Editor’s Preface: This interview was conducted upon the award of the 2010 Niwano Peace Prize to Ela Ramesh Bhatt, founder of the Self-Employed Women’s Association (SEWA), an Indian women’s labor union with more than 1.2 million members. She was cited for having worked for “more than thirty years to improve the lives of the poorest and most oppressed women workers.” Rev. Nichiko Niwano is president of the Niwano Peace Foundation in Tokyo, which manages the prize. Please consult the note at the end for further biographical information, acknowledgments, and links. JG

Niwano: I have been particularly impressed by the fact that your activities promoting self-reliance for female workers are based on the spirit of nonviolence. Efforts for social reform always arouse opposition. If we look at history, there have been a great many confrontations wherein “blood washes blood” in cycles of violence. At present, violence swirls around the world. I think that within this context, your work clears a new pathway to the future. Furthermore, you do not view women simply as “the weaker sex”. You have said that “women are the key to the formation of society” and that “women must become the leaders of social change”. These are extremely important messages as we consider the future. Although I am meeting you for the first time, I have very much looked forward to having this dialogue with you, and it is a great pleasure to greet you.

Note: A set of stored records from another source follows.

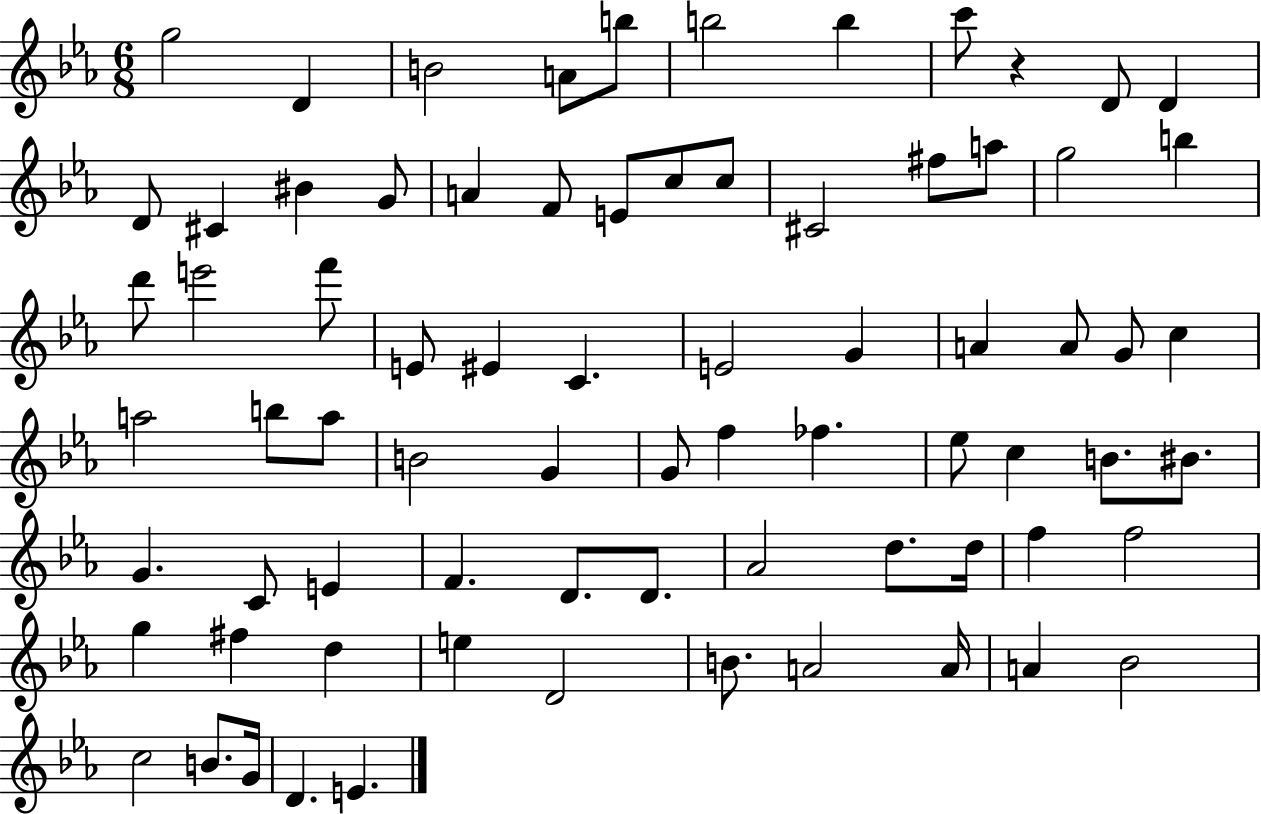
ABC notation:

X:1
T:Untitled
M:6/8
L:1/4
K:Eb
g2 D B2 A/2 b/2 b2 b c'/2 z D/2 D D/2 ^C ^B G/2 A F/2 E/2 c/2 c/2 ^C2 ^f/2 a/2 g2 b d'/2 e'2 f'/2 E/2 ^E C E2 G A A/2 G/2 c a2 b/2 a/2 B2 G G/2 f _f _e/2 c B/2 ^B/2 G C/2 E F D/2 D/2 _A2 d/2 d/4 f f2 g ^f d e D2 B/2 A2 A/4 A _B2 c2 B/2 G/4 D E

Bhatt: First of all, thank you very much, and I’m really very pleased and grateful that the Niwano Peace Prize of Japan has recognized the courage and the hard work of my SEWA sisters in India. They are trying to build a peaceful society based on constructive work. Personally, the prize is humbling, and makes me more conscious of the immensity of the challenges before us. I realize that life is short and art is long.

I grew up during the days when our country was fighting for independence. Mahatma Gandhi showed us the way. He said to enthusiastic young people like me that “if you attain freedom at the point of a gun, the gun will rule over you. The way in which you attain your freedom is more important than the goal itself.” So when we fight on the path of truth and nonviolence, we attain true freedom, because freedom comes from within, it cannot be given. This was a difficult but important lesson for us to learn.

When I started working with textile laborers and then began organizing poor, self-employed women, I was struck by the great poverty of the working poor. They worked so hard, so why were they still poor?

Poverty is violence against human dignity.

So I started realizing that poverty is violence. Poverty is violence against human dignity. And war is the crudest form of violence, but an unequal society is equally violent. Poverty is chronic violence. People suffer daily traumas that are physical, mental, and even spiritual. I found that people turn to physical violence after they’ve suffered many other forms of silent violence in their daily lives. So, lastly, this made me see violence and nonviolence in a different light.

Niwano: Unfortunately our world is a world where “survival of the fittest” is the rule, where “might makes right”. To be able to use nonviolence to resolve the problems that come up, religious compassion, love, and courage are absolutely essential. This may not be feasible unless we humans achieve a very advanced state. Nonviolent is often thought of as generally meaning powerless. But were not Gandhi’s spirit and actions able to lead India to independence, overcoming this perception and proving that nonviolence is not powerlessness?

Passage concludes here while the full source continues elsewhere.